The success of his translation of Lucretius induced Creech to undertake an edition of the original work. It appeared in 1695 with the title 'Titi Lucretii Cari de rerum natura libri sex, quibus interpretationem et notas addidit Thomas Creech,' and was dedicated to his friend Christopher Codrington. This edition was also often republished, in particular at Glasgow in 1753. Creech's agreement with Abel Swalle for the preparation of this volume is among the Ballard MSS. at the Bodleian Library. H. A. J. Munro in his edition of Lucretius wrote of Creech as borrowing annotations mainly from Lambinus, attributing the popularity of the work to their clarity and brevity.

In 1684 Creech published 'The Odes, Satyrs, and Epistles of Horace.

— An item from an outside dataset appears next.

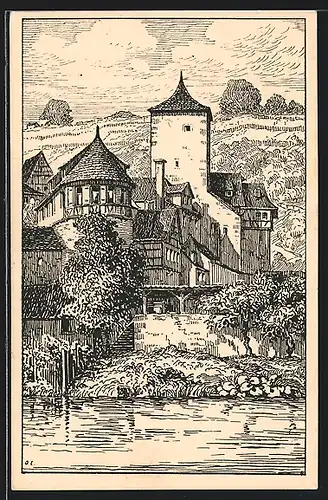 Künstler-AK Schw. Hall, Partie am Ufer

Done into English;' it was reprinted in the same year, and again in 1688, 1715, 1720, and 1737. Other translations by Creech consisted of:

- Several elegies from Ovid with the second and third eclogues of Virgil in a collection of 'Miscellany Poems,' 1684.
- Laconick Apothegms, or remarkable sayings of the Spartans in 'Plutarch's Morals,' 1684, vol. i. pt. iii. 135–204; a Discourse concerning Socrates his Demon, ib. ii. pt. vi. 1–59; the first two books of the Symposiacks, ib. ii. pt. vi. 61–144, iii. pt. viii. 139–418.
- Lives of Solon, Pelopidas, and Cleomenes in Plutarch's Lives, 1683–6, 5 vols., an edition often reprinted in the first half of the eighteenth century.
- Idylliums of Theocritus, with Rapin's discourse of Pastorals, done into English, 1684, and reprinted in 1721, which was dedicated to Arthur Charlett.
- The thirteenth Satire of Juvenal, with notes, in the translation 'by Mr. Dryden and other eminent hands,' 1693.
- Verses of Santolius Victorinus, prefixed to 'The complete Gard'ner of de la Quintinye, made English by John Evelyn,' 1693.
- The five books of M. Manilius containing a system of the ancient astronomy and astrology, done into English verse, with notes, 1697.
- Life of Pelopidas in the 'Lives of Illustrious Men' by Cornelius Nepos, translated by the Hon. Mr. Finch, Mr. Creech, and others, 1713.

Creech was engaged at the time of his death on an edition of Justin Martyr.